Depuis près d'un mois, les drapeaux arc-en-ciel habillent les logos de nombre d'entreprises à Montréal. Beaucoup de banques, mais pas que des banques. Nous-mêmes en faisons autant à la Une de ce numéro, dont la manchette porte sur le fait qu'en affaires, comme dans le reste de la société, la communauté LGBT (lesbiennes, gais, bisexuels et transsexuels) est de plus en plus visible et assumée.
L'étalage de ces drapeaux ne fait pas que des heureux. En fait, ceux qui s'en chagrinent le plus sont des militants LGBT eux-mêmes. Un exemple : plusieurs ont choisi de ne pas participer au défilé de la Pride à San Francisco, en juin, jugé trop «corporate». Le fait est qu'aujourd'hui les grandes entreprises qui prennent position contre les lois discriminatoires anti-LGBT de certains États américains se comptent par centaines. Tant mieux. Elles ne veulent pas être du mauvais côté de l'Histoire. Mais elles veulent faire l'Histoire (à la place de la société civile), dénoncent les militants les plus puristes.

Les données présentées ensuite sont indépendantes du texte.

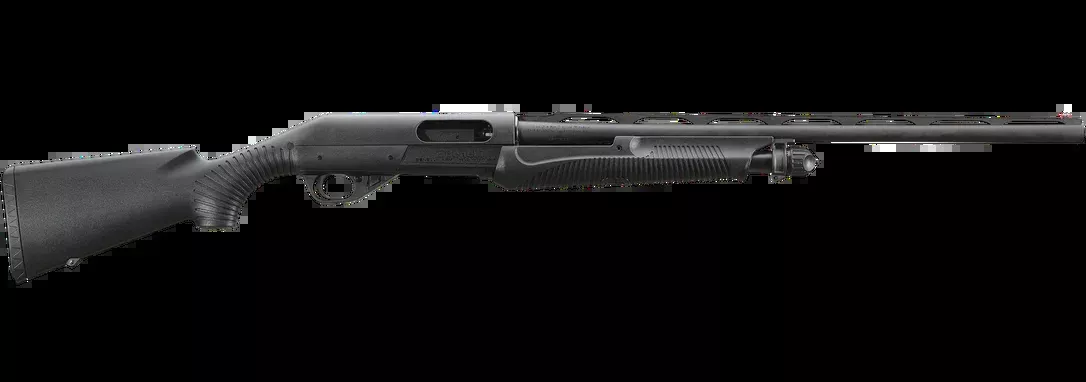 Benelli Nova Pump Action 20 GA 24″ 20036
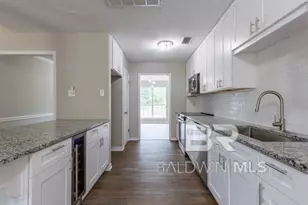 101 Lawson Rd, Daphne, AL 36526 - Photo 3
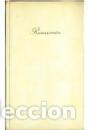 Libros: RESURRECCION - LEON TOLSTOI - Foto 1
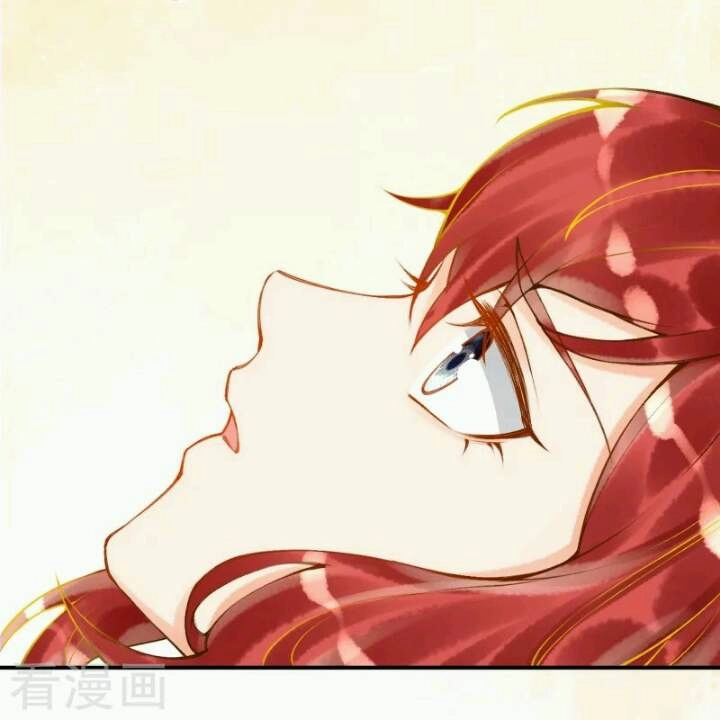 Xuyên Đến Ai Cập : Trở Thành Cô Dâu Của Vương Chapter 36 - 19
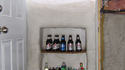 Frigo écologique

«C'est un fragile équilibre, reconnaît Éric Pineault, président et fondateur de Fierté Montréal. Parce que notre événement n'est pas juste culturel, il est aussi politique et revendicateur.» Ajoutez des objectifs d'affaires et vous obtenez un cocktail pour le moins délicat.
Une chose est sûre : si les entreprises privées n'y mettaient pas du leur, de Fierté, il n'y en aurait point. Fierté Montréal, c'est un budget de près de quatre millions de dollars, dont environ la moitié en commandites de services. Les festivaliers, eux, contribuent à hauteur de 5 à 10 %. Les gouvernements financent le quart des opérations. Le reste de la facture, ce sont des entreprises privées qui le payent.
«L'argent corporatif, c'est un réel soutien. Oui, ils ont beaucoup de visibilité, mais ils servent à faire tous ces petits projets où leurs noms ne sont même pas écrits», souligne Éric Pineault. Un exemple : les événements parrainés par Fierté Montréal en terrain hostile. «L'année dernière, nous sommes allés à Kiev. Il y a eu des bombes, des attaques à l'arme blanche... Cette année, nous étions en Inde, où faire partie de la communauté LBGT est criminel», rappelle-t-il.
Grâce à l'argent du secteur privé, de petits organismes communautaires peuvent prendre part au défilé à coût modique, voire gratuitement. Au-delà des chars allégoriques flamboyants des commanditaires, une kyrielle de petits acteurs de la communauté peuvent se faire connaître. Parce que, n'en déplaise aux puristes, les entreprises aussi sont des acteurs sociaux, et la commandite, un de leurs moyens d'expression.